Moving on to Explorers PDF Print E-mail

Whats After Scouts?
After Scouts you move onto Explorers. Scouts can move up to Explorers between the ages of 13½ and 14½. You usually move up when your Scout Leader decides you are ready and you will probably leave at the end of a term with some other Scouts.

Which is the right Explorer group for Me?
As there is no Explorer group based at 5th Billericay, you have some choice in where to go. There are five Explorer groups in the Billericay & Wickford district. Although there is a slight difference in how Explorer groups are run and what activities they do, they all have the same principles.

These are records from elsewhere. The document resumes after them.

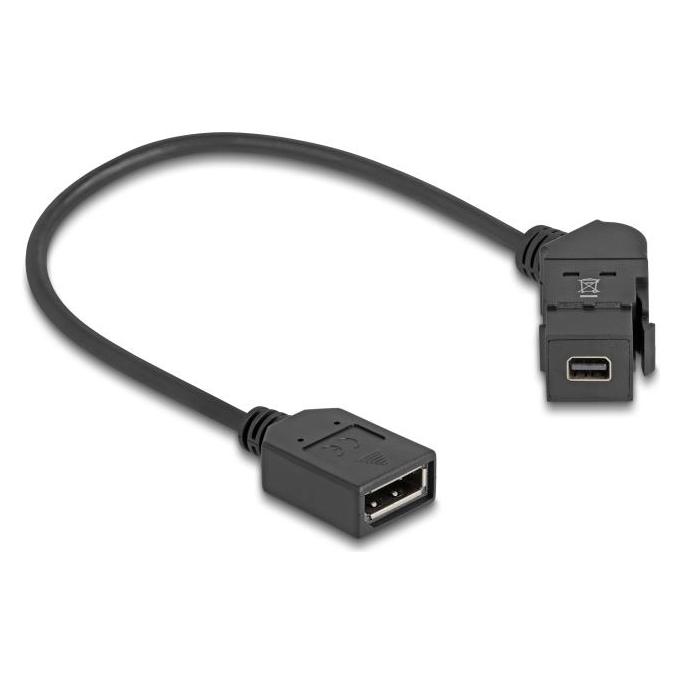 Delock 67155 - Keystone Modul Mini DisplayPort Einbaubuchse zu DisplayPort Buchse 45 gew (0.30 m) (67155)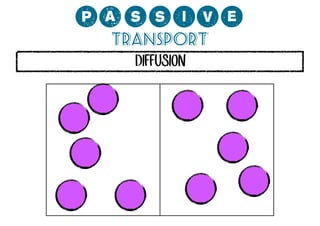 0;MMCP?
Transport
DIFFUSION

 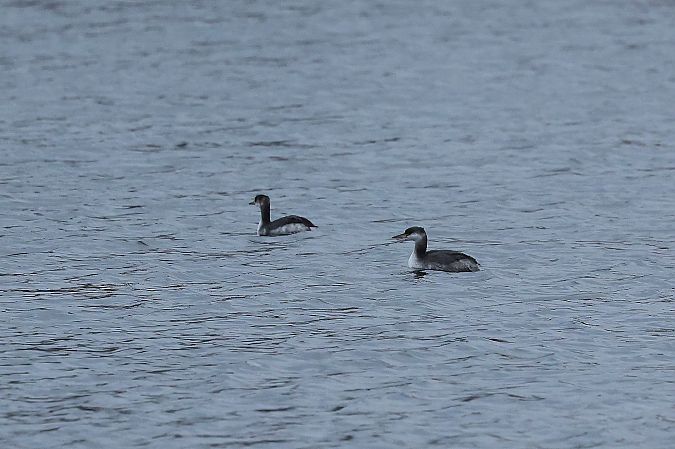 Grèbe jougris  - Rupert Hafner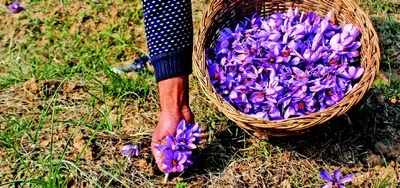 saffron fields bloom with promise  abundant rains spark hope for a bumper crop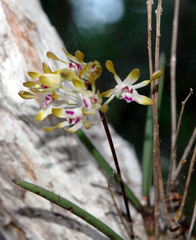 Dendrobium canaliculatum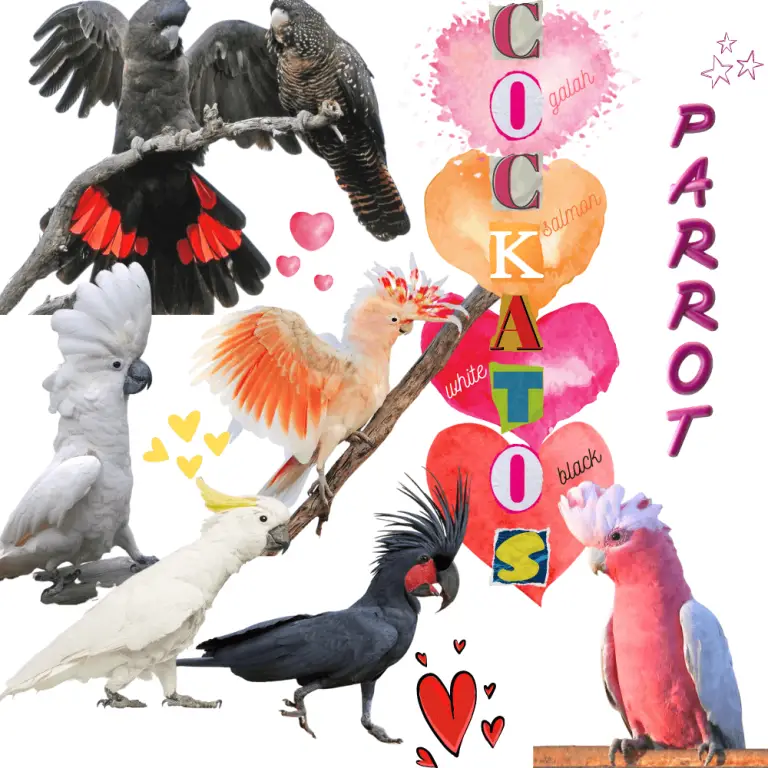 Talking parrot How do parrot talk Why do parrot talk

For further information on the Explorer groups in our district and to be introduced to one contact the district explorer coordinator on the following email address: This e-mail address is being protected from spambots. You need JavaScript enabled to view it

What do you do at Explorers?
At Explorers there is more freedom because you are older and hopefully more mature. Therefore, most groups will allow you out of the hut without too much supervision but clearly this is based on trust. Also, Explorers come from a wider area than Scouts so it is common to see members travel from other towns. All these things affect what activities are done at Explorers. Camps are more likely to be abroad or activity based and there is a very small chance that you can be selected for the World Scout Jamboree. Usually, there is less emphasis on badge work because most badges rely on outside activities and a fair amount of commitment. Therefore, Explorers is more relaxed than Scouts and has more time for activities, games and chatting. Leisure activities such as swimming, ice skating, cinema and bowling are common and are occasionally done with other Explorer groups. Outside the hut, activities include climbing, ice climbing, pioneering, orienteering, water activities and hiking. Sometimes Explorers leave the hut in groups for a photo capturing competition or a game like drop-outs (where you are blindfolded and taken to a mystery location before attempting to find your way back to the hut). Inside the hut, Explorers can do things like a bin bag fashion show, a crazy quiz, a talent show, a computer games night, a sensory night, first aid, knots or even learning about the unusual religion of Pastafarianism.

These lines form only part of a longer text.